ISLAMABAD: The federal government is preparing a major overhaul of Pakistan’s tax administration system by restructuring the Inland Revenue Service of the Federal Board of Revenue into three independent wings. The move aims to reduce tax evasion, improve compliance, and eliminate opportunities for collusion between taxpayers and tax officials.
The proposed operating model, developed after studying tax administration frameworks in countries including India, Australia, Singapore, United Kingdom, and Netherlands, is expected to be implemented in phases over the next three years.
According to official assessments, Pakistan’s existing tax administration system suffers from a structural weakness because the same tax officer currently handles audit, assessment, and enforcement functions for the same taxpayer. Authorities believe this concentration of powers creates opportunities for manipulation and weakens compliance enforcement.
Under the new model, Inland Revenue operations will be divided into three separate units. The National Faceless Audit Wing (NFAW) will conduct risk-based audits through a centralized digital system where audit cases are selected through automated algorithms and tax officers remain anonymous.

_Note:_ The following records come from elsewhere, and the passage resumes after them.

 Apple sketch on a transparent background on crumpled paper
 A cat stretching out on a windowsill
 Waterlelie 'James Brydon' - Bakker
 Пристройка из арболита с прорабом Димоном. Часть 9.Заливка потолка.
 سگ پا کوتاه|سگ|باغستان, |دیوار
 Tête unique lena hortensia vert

The National Assessment Wing (NAW) will be responsible for issuing assessments, processing refunds, handling exemption requests, and issuing show-cause notices. The Field Operations Wing (FOW) will focus on taxpayer registration, tax base expansion, enforcement actions, prosecutions, and field verification activities.

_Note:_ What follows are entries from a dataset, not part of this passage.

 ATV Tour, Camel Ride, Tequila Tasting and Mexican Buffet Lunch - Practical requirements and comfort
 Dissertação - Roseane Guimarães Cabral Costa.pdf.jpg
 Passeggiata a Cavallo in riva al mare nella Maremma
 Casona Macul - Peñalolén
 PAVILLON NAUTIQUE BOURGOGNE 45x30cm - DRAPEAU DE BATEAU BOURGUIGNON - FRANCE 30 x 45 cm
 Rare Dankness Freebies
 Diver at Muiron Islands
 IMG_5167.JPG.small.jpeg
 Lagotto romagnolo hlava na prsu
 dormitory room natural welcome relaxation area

Officials say available data highlights the scale of underreporting within the economy. Information compiled by Pakistan Revenue Automation Limited indicates that 8,697 individuals hold bank deposits worth around Rs. 750 billion despite declaring zero income. Data also shows that nearly 99 percent of individuals with deposits exceeding Rs. 10 million reported income levels significantly below what their banking transactions suggest.
The government has identified multiple revenue generation initiatives under the reform agenda, with several measures expected to begin during fiscal year 2026-27. Authorities plan to deploy automated discrepancy detection systems that will compare tax declarations with banking, property, and vehicle ownership records to identify underreporting and potential tax evasion.
The government is also planning to introduce economic transaction restrictions that could prevent individuals from carrying out property and vehicle transactions until outstanding tax issues are resolved. At the same time, the Sales Tax Compliance System will compare digital invoicing records with monthly sales tax returns to identify ghost buyers, disappearing suppliers, and businesses involved in underreporting sales.
Within the next two years, authorities intend to establish a dedicated High Net Worth Individuals Cell to target wealthy individuals who remain outside the effective tax net. The initiative will utilize wealth profiles generated through a centralized database along with information related to utility consumption, travel records, lifestyle indicators, and field intelligence.
The entire framework will be supported by a Central Data Hub being developed by PRAL, which will integrate taxpayer information from organizations including National Database and Registration Authority, State Bank of Pakistan, and Securities and Exchange Commission of Pakistan. The government is also developing IRIS 3.0, a next-generation workflow and case management platform designed to support automated tax administration.
Officials say future audits will originate only through AI-powered risk engines and data-driven triggers generated by the Central Data Hub, effectively ending discretionary audit selection by tax officers. Separate artificial intelligence systems for income tax and sales tax compliance will continuously monitor risks and support enforcement actions.
The proposed reforms are based on the Organisation for Economic Co-operation and Development Tax Administration 3.0 framework, which promotes digital, data-driven, and taxpayer-centric tax administration. The model also includes digital invoicing, pre-filled tax returns, automated taxpayer registration, digital payment integration, taxpayer self-service portals, and compliance reminders through SMS, email, and WhatsApp.
The government expects the new operating structure to strengthen transparency, improve tax collection, expand the tax base, and significantly reduce Pakistan’s trillion-rupee tax compliance gap over the coming years.